Wednesday, 15 October 2014

Corporate Governance And Management Of Corporations

State corporate laws place the responsibility of managing the corporation upon its board of directors. The primary advantage of the corporate form of business is that it enables shareholders to share in the benefits, while at the same time limiting their personal liability.

State corporate laws generally provide 2 important protections for the board in managing the daily affairs of the corporation.

The first is the benefit of ‘business judgment presumption’. In the event of litigation arising out of a business decision, the court will assume that the directors of a corporation acted on an informed basis, in good faith, and in the honest belief that the action taken was in the best interests of the corporation. Essentially, this means that the court will trust and uphold the decision of the board, unless the plaintiff to the suit is able to prove that the directors were grossly negligent in keeping themselves informed of all material facts.

The second protection provided to the board is known as ‘demand futility’. The principle of demand futility exists to protect the central importance of the Board in the management of the corporation and to prevent meritless lawsuits. Demand futility acts as a safety valve, allowing only the right level of policing.
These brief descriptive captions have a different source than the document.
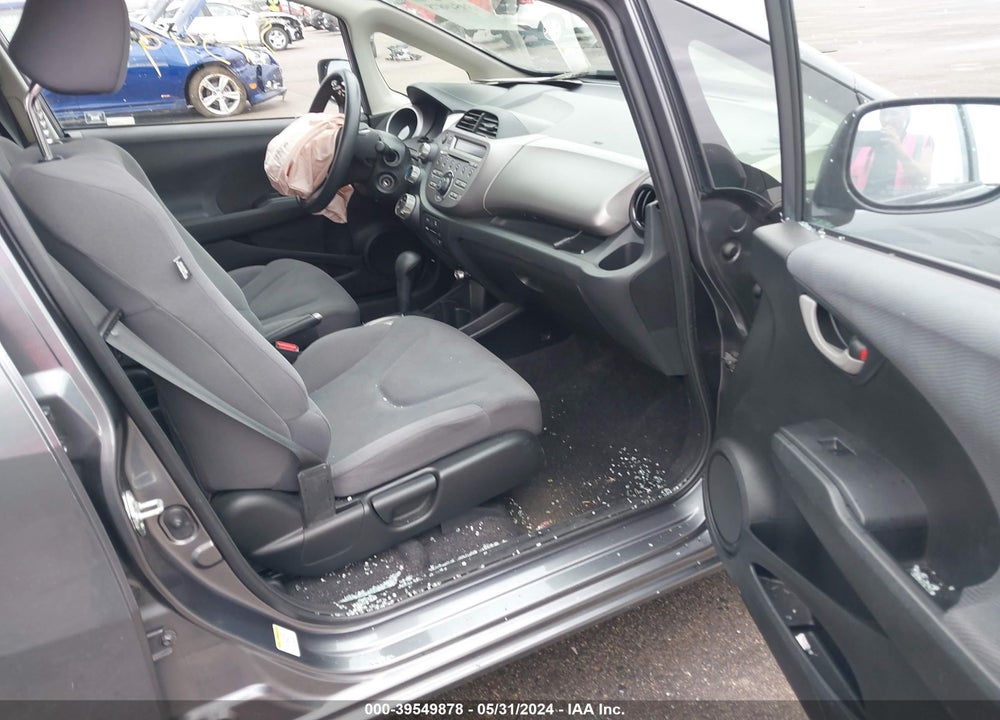 2013 HONDA FIT VIN: JHMGE8H34DC027380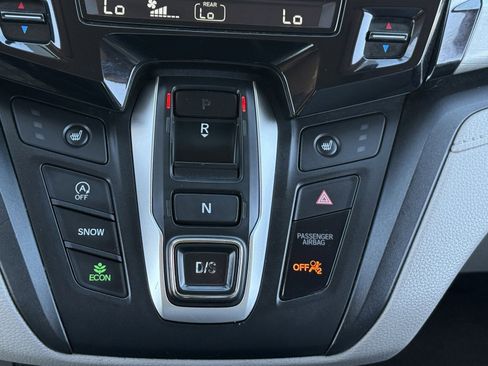 Used 2018 Honda Odyssey Touring image 30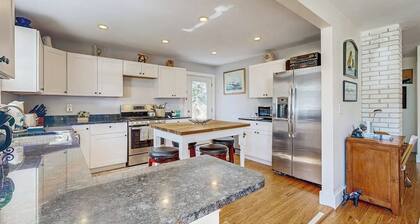 Coastal Bungalow With Large Yard, Beautiful Kitchen, & Great Location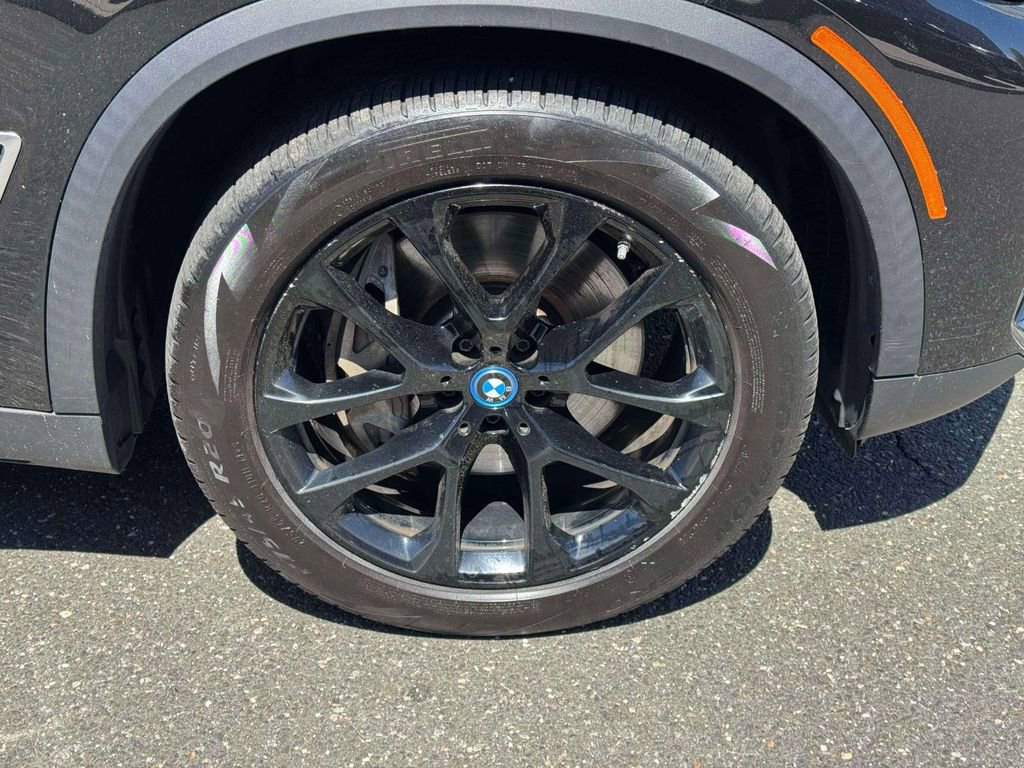 Used 2023 BMW X5 xDrive45e AWD/4WD image 9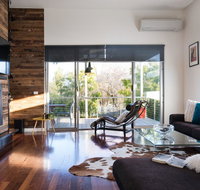 Harlequin - Sunshine Coast Guide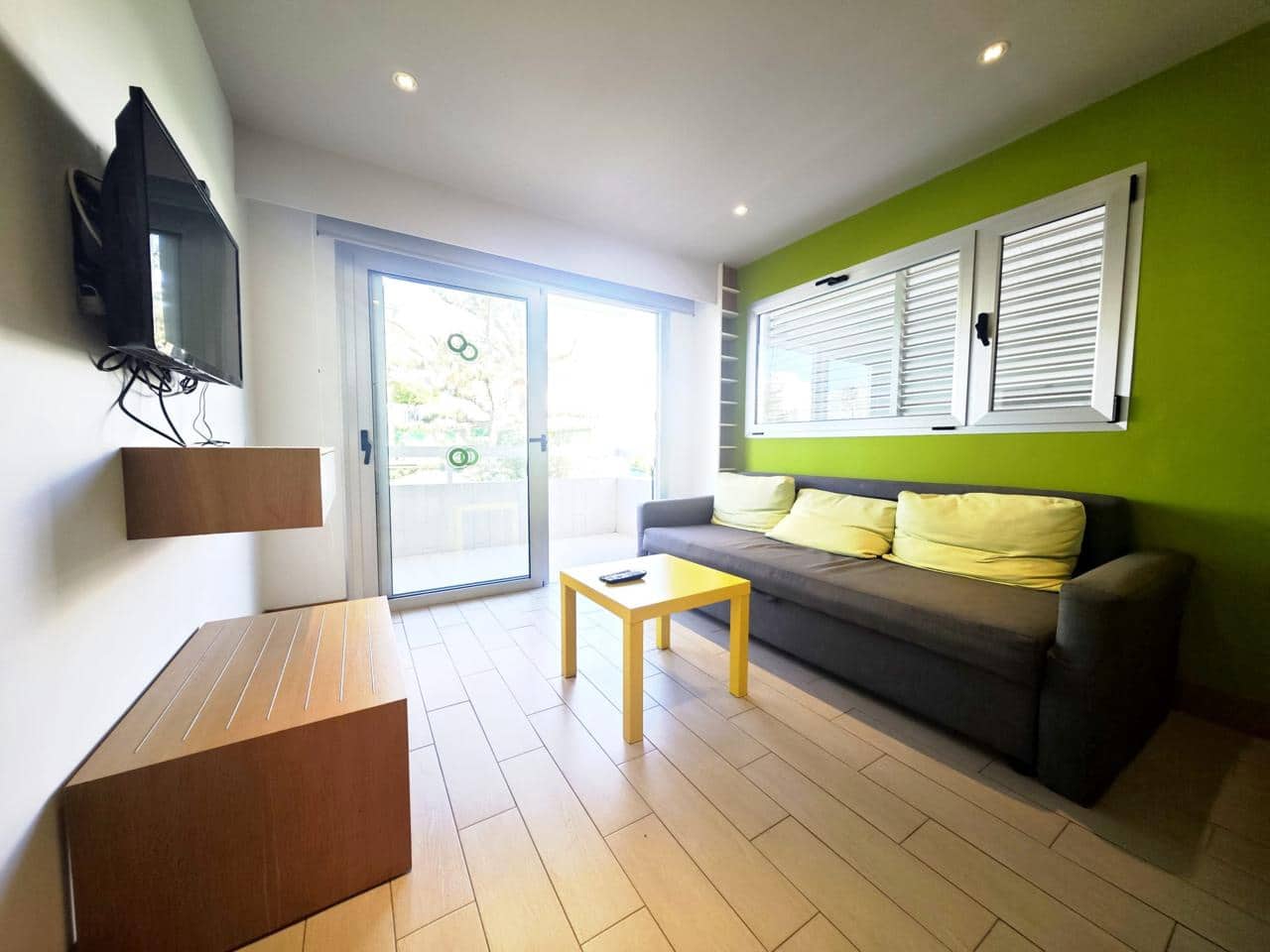 1 slaapkamer Flat te huur in Playa del Ingles met zwembad - € 1.400 (Ref: 9807129)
For instance when a shareholder intends to file a derivative shareholder suit for and against the corporation, the shareholder needs to make a claim/demand upon the directors to prosecurte the claim, or alternatively show why a demand was not made (‘demand was futile’). When a shareholder makes a claim against a corporation which is accepted by the board, then the litigation regarding the claim is controlled by the board. Alternatively, a shareholder can claim that demand was futile, if he can prove that at the time of filing of the suit, the board could not have acted impartially upon the demand. Thus, if the majority of the directors were interested in the transaction sought to be litigated, then it could be argued that the board could not have acted impartially upon the demand.

There are some situations where federal regulation provides shareholders with an advisory vote in addition to corporate law and the corporation’s documents. For e.g., the new ‘Say on Pay’ rules require public companies to provide shareholders with an advisory vote regarding the compensation of its most highly-compensated executives. Advisory votes are important because they give shareholders a chance to voice their opinion. Although these votes are beneficial in maintaining a healthy dialogue between the corporation and its shareholders, the corporation can still choose to ignore the shareholders vote if it believes that an alternate proposal is in the best interests of the corporation.

A certain degree of tension and conflict between the shareholders and the management is healthy, and would encourage good governance of the corporation. However, for the peaceful functioning of the corporation, it is necessary that a delicate balance between these (sometimes conflicting) interests be preserved. The board is and should be the final word on management and governance of the corporation – the purpose of a corporate enterprise is passive investment by shareholders while the management runs the show. However, boards need to keep in mind that shareholders have legitimate interests in the governance of the corporation and should be provided with some kind of mechanism to express their concerns to the board. This could be achieved by encouraging shareholders proposals or by providing shareholders with greater voting rights. A corporation that does not adequately address shareholder concerns could open itself up to a host of problems, including proxy battles, hostile acquisitions, or poor stock performance.